The ex-USSR Thread

  • Thread starter Rage Racer


GeoGuessr God
United Kingdom
United Kingdom
Belarus vs Eurovision has become a bit of a problem in the past few days.
Belarus had a decent list of songs which were up for selection for their entry to the 2021 Contest, which must have been publicly available due to the number of "rankings" I had seen of them over the past few months. Everything began to unravel quietly when their selected artist for 2020 - VAL - was barred for competing this year in September of last year for showing support for the opposition leaders in last year's election in Belarus, "won" by Lukashenko (again).

Subsequently, Belarus has had a lot of Protests who all claim that Lukashenko's 80% winning margin was completely made up, and want the President since Belarus' Independence in 1991 deposed. It doesn't help that the leaders of the opposition party were all arrested or forced into exile.

How does that tie into Eurovision? Well, a few days ago, Belarus' Internally Selected song was announced, as the band Galasy ZMesta were chosen with their song "Ya nauchu tebya (I'll Teach You)". This low-effort folk song was pretty dreary and nothing special, but that was until everyone who understood Russian began to translate the lyrics.

Here's the Chorus:
I'll teach you how to dance to a tune
I'll teach you how to take bait
I'll teach you how to walk along the line
You'll be content, happy with everything
I'll compose a small tune for you
I'll give you the whole world on a silver platter
I'll turn your griefs into japes
As it will make you feel alright

Basically, this entire song was a veiled message from Lukashenko laughing at the Protestors efforts at deposing him. The band were then shown through a back catalogue to be Homophobic, Transphobic and a load of other issues which went completely against Eurovision's values of inclusion and acceptance of all cultures and peoples. The contest isn't unofficially nicknamed the "Gay Olympics" for nothing - just watching one contest can confirm that title to you.

As you can guess, this song was met by with an outcry of hate from fans from all over Europe and Belorussians too, especially the people the song was laughing at. The song quickly racked up a significant Dislike ratio on the official Eurovision Youtube channel and a mass of calls from fans and media calling for the song to be investigated and banned for breaking what is basically rule #1 of the show: No Political Messages in songs.

The Ukrainian Eurovision twitter page quickly reacted to the song with the Tweet shown below, and Sweden have since removed the Belorussian judges from the panel to decide the winners of Melodifestivalen this weekend - their massive Internal Selection contest.

The EBU announced this afternoon that the new song was ineligible, giving the following statement.

This of course has been met with cautious happiness from everyone.

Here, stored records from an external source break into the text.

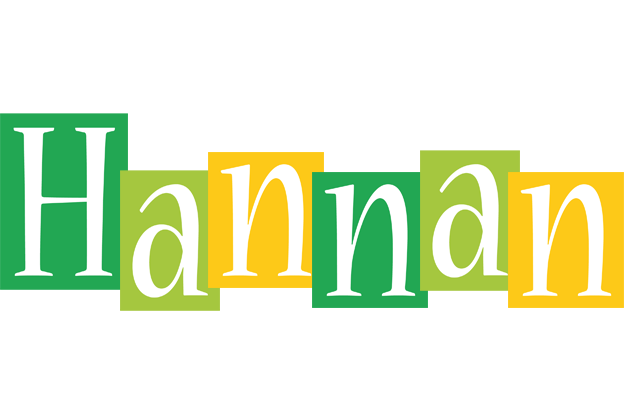 Hannan lemonade logo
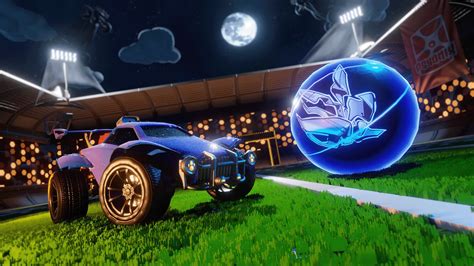 Rocket League: Experience Adrenaline-Fueled Soccer Mayhem With Rocket-Powered Cars!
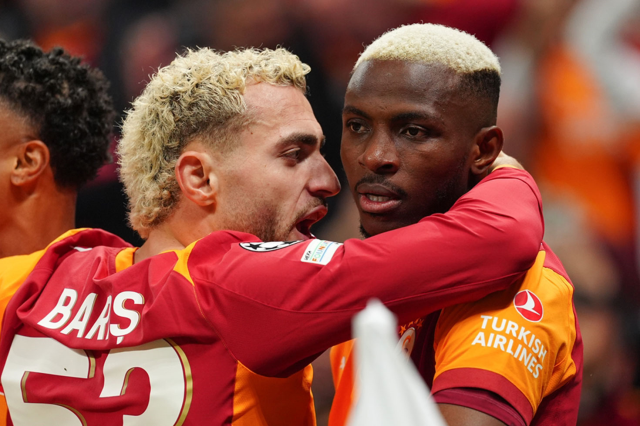 Galatasaray, Avrupa'da sadece Bayern Münih'e geçildi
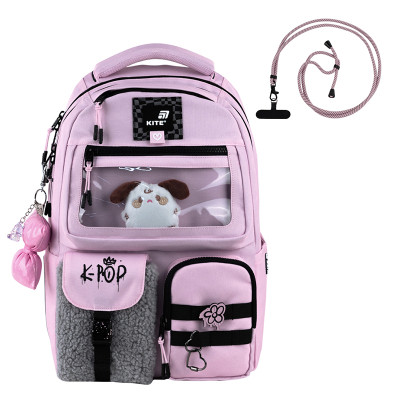 Рюкзак шкільний Kite Education teens 2587M-4 (K25-2587M-4)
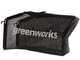 Greenworks GD60LM46SP - Cortac&eacute;sped de bater&iacute;a autopropulsado 60V 2Ah - Corte de 46 cm - &iexcl;Starter kit 60V 2Ah gratis!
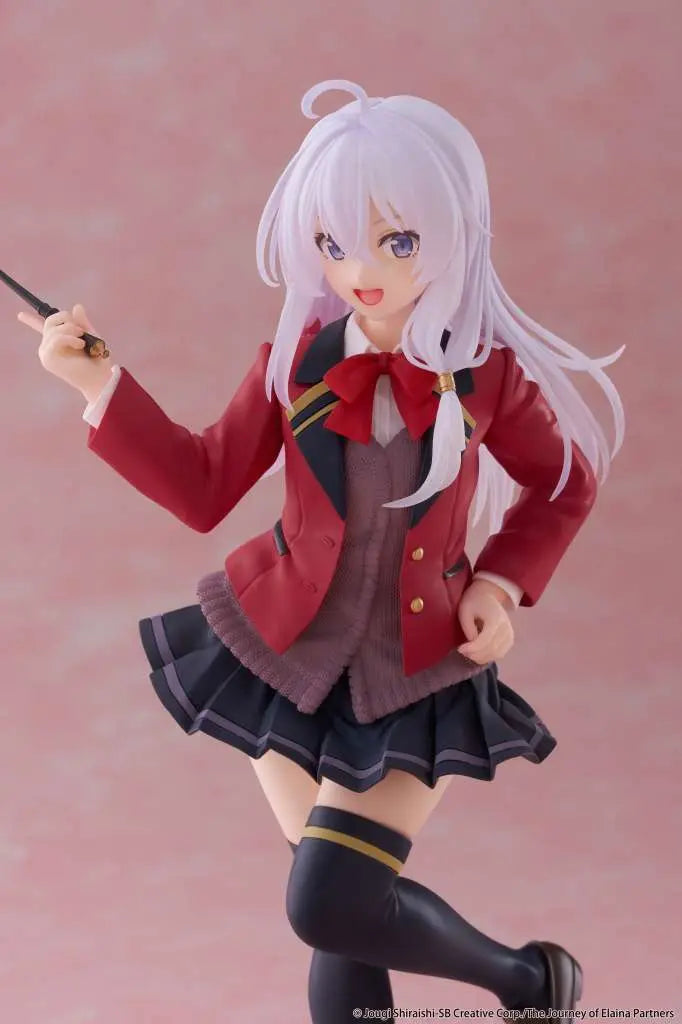 WANDERING WITCH ELAINA SCHOOL UNIFORM COREFUL FIG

Happiness that the horrible song is not going to appear at the show, but it does worry quite a few people that this whole thing might be playing into Lukashenko's hands. Of course, when you're trying to be an evil Dictator, the best thing to do to control the population is to say "The rest of the world hates us and you, listen to me and I'll keep you safe". The fears now are the withdrawal of Belarus from the contest, and then to stop the broadcast the show at all, thus allowing further censorship of outside influences. The alternative of letting the song stay, but rot into last place in the Semi-Finals was an attractive proposition for some people to publicly send a message to the Government. Basically, the people of Europe vs Lukashenko's ideals.

Instead, it's now the EBU vs Belarus. The EBU have blinked first (following their example of an anti-Putin song by Georgia for the 2009 contest held in Moscow), and it's going to be a nervy few days while Eurovision fans and the Belorussian people wait for a response.


United States
Does geopolitics consist of choosing between the disastrous and the unpalatable?